IceSnowball

  • Joined Apr 15, 2019
  • PREFACE
    CHARACTER INTRO
    CRITIQUE

    PREFACE
    Wow, OP! I love the concept of this thread! I’ll read up on Rekka’s Last Stand today or tomorrow. Looks great!

    CHARACTER INTRO
    Rivulets of sweat poured down the youth’s short, green hair and down his face, as white as ivory or scale-- almost unnatural. He allowed his form to falter for only a moment, righting his posture, though his labored breathing could not hide his fatigue. He noticed my staring and scowled with narrowed eyes.

    “Seven hells,” he cursed. “Get up, whelp.”

    He grabbed my hand and pulled me up with a lithe, muscled arm, his grip not gentle at the least. I somehow managed to stand, but my knees buckled, and I supported myself against the rough cavern wall. His youthful face twisted from annoyance to disdain, “Do you want to die?”

    He leaned his face forward, glaring with vivid yellow eyes, “Say so, now, so I can end your pathetic mewling.”

    I sniffed and consciously slowed my breathing. I needed to stop my sobbing, even if the hot tears would continue to flow. The sharp, throbbing pain pulsed from my bleeding side, cold and burning hot at the same time, “S-sir Tycondrius... I don’t think I can continue.”

    When I looked up, he’d already walked away. Peeking around the corner of the torchlit hallway, he raised a fist up, a hand signal that demanded absolute silence. I held my breath, fearing for my life.

    “I didn’t ask for your worthless opinion,” He said with his back turned. My heart skipped a beat. A crossbow bolt was embedded into his lower back, blood trailing down his leather armor.

    “Guild Invictus doesn’t leave its brothers and sisters behind,” he muttered.

    CRITIQUE
    So one of the largest difficulties of this thread is this concept: ‘Does your description add to the story?’ If I can summarize an entire page of text in one sentence, even if your verbiage is absolutely gorgeous, a reader can choose to skip over it all! This is an unfortunate and uncomfortable truth both for writers and other readers.

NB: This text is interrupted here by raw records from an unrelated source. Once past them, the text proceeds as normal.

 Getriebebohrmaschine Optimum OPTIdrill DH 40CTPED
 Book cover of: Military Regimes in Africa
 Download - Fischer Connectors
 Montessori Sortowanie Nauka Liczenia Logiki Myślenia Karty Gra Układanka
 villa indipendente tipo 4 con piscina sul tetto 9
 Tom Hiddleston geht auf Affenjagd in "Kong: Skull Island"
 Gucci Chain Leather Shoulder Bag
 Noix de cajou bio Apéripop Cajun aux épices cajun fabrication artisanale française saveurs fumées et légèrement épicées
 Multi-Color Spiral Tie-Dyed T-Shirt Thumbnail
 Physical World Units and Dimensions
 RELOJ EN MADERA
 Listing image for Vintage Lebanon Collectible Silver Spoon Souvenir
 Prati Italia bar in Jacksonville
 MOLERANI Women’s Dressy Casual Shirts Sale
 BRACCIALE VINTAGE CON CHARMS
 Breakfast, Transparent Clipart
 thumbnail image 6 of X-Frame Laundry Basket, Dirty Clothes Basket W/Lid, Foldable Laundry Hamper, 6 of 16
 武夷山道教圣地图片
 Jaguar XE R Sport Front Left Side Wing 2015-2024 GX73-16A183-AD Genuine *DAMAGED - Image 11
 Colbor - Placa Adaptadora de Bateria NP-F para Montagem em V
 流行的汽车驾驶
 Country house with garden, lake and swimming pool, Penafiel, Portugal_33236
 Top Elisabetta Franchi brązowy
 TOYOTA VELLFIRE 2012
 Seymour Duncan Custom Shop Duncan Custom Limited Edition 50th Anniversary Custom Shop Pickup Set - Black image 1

    (I’m breaking the rules and critiquing everyone because the thread is still small and because I love you all.)

    One of the cool things about Chitawulf’s, Arkinslize’s, and Icesnowball‘s descriptions is that they all use a very opinionated viewpoint. With the observer’s POV, the reader is strongly inclined to feel similar, promoting a sense of closeness and identity with the narrator.

    @Chitawulf is able to use descriptions like ‘unnaturally tall’ and ‘not intimidating in the slightest’ and ‘reminded him of a warm fireplace?’ The action minutiae of the sun being in Silas’ eyes adds to the “realism” of the scene. Very nice.

    @Arkinslize takes the opinionated narration a step further. Absurd descriptions like likening a crippled girl’s legs to hairless chicken drumsticks, her skin like poor quality leather, and her hair to piss-ridden snow, adds a... complex layer to the reading.

    @IceSnowball ‘s description is absolutely perfect. It’s short, incredibly descriptive, to the point, and transitions to action.

    @Overlord_Venus ‘ description is out of-- what, your first chapter? Your first few chapters are sooooo slow. But the pacing is wonderful because when the action starts in a few chapters, I quickly began to miss the low-stakes banter of the ML/FL pair and the poetic descriptions of family life.

    Great job, Authors! Let’s all work hard, together.